A daughter’s right to property

In 2005, Hindu family law was changed to give Hindu daughters a right to the joint family’s ancestral property. The change was brought about through the Hindu Succession (Amendment) Act of 2005. In an important judgement today, the Supreme Court has said that a daughter belonging to a Hindu joint family will have a right in the family property even if her father was not alive when the law was changed in 2005.

Hindu succession law

For Hindus (including Buddhists, Jains and Sikhs), the legal issues regarding succession and inheritance of property are governed by the Hindu Succession Act, 1956. This Act deals with succession when a person has died without making a will, or a declaration about who should inherit his property i.e., the heirs of the property.

In relation to the ancestral property commonly owned by a Hindu joint family, a coparcener is a person who has a right in the ancestral property by birth.

Before the 2005 Amendment, only sons had a birthright in the joint family property. Due to the change in law in 2005, under Section 6 of the Hindu Succession Act, daughters are also given equal rights like sons in the joint Hindu family property. Upon birth, a daughter of a coparcener has the same ancestral property rights as a son. She has her own right to a share of the joint family property. Since she has an equal right to the property, she also has to share the responsibilities and liabilities associated with the joint family property like debts and other dues.

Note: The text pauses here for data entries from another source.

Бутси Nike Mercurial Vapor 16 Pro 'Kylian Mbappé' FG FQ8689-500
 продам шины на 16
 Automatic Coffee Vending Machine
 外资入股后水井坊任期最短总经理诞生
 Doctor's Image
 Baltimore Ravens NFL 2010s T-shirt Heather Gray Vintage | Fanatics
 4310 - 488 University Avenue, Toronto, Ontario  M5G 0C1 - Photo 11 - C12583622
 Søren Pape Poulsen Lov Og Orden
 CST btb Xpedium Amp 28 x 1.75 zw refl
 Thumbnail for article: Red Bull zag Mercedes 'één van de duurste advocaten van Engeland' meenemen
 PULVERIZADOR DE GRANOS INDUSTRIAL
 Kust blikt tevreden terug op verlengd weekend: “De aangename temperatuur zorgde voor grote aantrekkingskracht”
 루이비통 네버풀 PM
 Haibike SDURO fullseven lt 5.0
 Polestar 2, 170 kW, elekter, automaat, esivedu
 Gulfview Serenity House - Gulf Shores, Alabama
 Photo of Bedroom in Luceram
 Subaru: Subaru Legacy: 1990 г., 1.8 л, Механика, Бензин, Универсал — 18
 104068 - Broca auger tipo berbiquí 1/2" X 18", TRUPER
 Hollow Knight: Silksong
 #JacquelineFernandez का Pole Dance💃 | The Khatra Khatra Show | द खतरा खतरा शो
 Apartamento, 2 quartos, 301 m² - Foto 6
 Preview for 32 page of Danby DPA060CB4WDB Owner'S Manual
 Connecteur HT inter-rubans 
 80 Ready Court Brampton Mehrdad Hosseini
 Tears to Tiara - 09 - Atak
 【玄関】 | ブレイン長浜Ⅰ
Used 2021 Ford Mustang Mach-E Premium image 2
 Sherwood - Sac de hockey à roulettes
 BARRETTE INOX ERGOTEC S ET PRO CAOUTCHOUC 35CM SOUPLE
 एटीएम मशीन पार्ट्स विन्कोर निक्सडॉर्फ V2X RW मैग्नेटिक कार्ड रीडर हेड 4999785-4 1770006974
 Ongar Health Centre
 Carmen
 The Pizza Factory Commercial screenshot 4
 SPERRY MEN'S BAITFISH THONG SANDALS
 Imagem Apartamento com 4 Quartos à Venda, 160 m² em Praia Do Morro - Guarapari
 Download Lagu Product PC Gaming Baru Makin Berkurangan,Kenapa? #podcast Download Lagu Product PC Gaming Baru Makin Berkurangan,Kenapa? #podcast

The Supreme Court judgement

The Supreme Court said that daughters must be given an equal share of rights in the Hindu joint family property like sons. It does not matter if the daughter was born before the 2005 amendment of the law. This means that the law has retrospective effect and gives inheritance rights even to daughters who were born before the law was changed. Further, the daughter has rights to the ancestral property even if her father was not alive at the time of the 2005 amendment.